Task item = Please say how many lines in the records below contain the word "Fantasy", giving the number alone.
Top of Supplied data
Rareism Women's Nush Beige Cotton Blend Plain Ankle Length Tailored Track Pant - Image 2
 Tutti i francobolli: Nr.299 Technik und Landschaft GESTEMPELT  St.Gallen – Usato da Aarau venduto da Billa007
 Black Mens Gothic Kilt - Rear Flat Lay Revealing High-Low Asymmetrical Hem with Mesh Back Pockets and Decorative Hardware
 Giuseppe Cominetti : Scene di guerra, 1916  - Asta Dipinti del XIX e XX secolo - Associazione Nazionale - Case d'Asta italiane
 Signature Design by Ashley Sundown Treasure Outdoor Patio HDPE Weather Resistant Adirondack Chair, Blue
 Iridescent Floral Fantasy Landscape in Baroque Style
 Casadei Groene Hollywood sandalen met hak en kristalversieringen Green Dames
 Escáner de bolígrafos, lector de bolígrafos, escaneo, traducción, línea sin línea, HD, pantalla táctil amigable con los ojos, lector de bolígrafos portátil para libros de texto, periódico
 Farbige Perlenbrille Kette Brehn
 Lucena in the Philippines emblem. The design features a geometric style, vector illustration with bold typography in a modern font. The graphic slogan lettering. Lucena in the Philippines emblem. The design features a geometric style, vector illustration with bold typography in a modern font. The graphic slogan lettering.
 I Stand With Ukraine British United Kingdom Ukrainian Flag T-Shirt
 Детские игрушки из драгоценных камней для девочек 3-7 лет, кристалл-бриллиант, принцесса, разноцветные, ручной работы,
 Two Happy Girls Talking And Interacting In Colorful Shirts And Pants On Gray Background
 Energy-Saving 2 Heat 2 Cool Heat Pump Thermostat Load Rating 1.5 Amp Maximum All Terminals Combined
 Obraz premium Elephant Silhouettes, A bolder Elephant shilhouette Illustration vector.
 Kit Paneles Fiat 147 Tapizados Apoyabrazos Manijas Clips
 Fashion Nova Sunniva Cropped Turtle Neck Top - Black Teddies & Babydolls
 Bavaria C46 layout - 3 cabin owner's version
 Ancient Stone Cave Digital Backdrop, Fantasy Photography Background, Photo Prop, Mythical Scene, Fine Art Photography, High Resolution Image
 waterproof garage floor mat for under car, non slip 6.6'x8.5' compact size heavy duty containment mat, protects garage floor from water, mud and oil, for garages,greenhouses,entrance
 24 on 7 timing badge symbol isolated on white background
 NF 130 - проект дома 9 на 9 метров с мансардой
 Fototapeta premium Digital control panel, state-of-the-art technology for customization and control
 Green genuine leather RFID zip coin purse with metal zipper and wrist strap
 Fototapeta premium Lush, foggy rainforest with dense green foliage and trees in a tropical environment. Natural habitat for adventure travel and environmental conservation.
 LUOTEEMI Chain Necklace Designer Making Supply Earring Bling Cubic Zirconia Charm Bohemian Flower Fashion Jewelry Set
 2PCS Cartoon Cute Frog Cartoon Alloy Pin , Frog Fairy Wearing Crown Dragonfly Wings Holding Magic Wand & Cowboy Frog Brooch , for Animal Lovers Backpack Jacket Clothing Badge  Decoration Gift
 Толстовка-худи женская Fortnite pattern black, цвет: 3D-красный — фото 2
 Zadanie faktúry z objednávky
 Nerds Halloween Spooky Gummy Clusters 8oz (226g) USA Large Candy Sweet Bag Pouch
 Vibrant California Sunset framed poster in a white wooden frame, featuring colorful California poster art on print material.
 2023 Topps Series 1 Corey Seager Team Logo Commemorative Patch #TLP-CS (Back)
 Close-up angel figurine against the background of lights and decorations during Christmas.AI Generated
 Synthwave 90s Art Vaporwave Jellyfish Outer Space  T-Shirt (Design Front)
Bottom of Supplied data
Output for this task = 2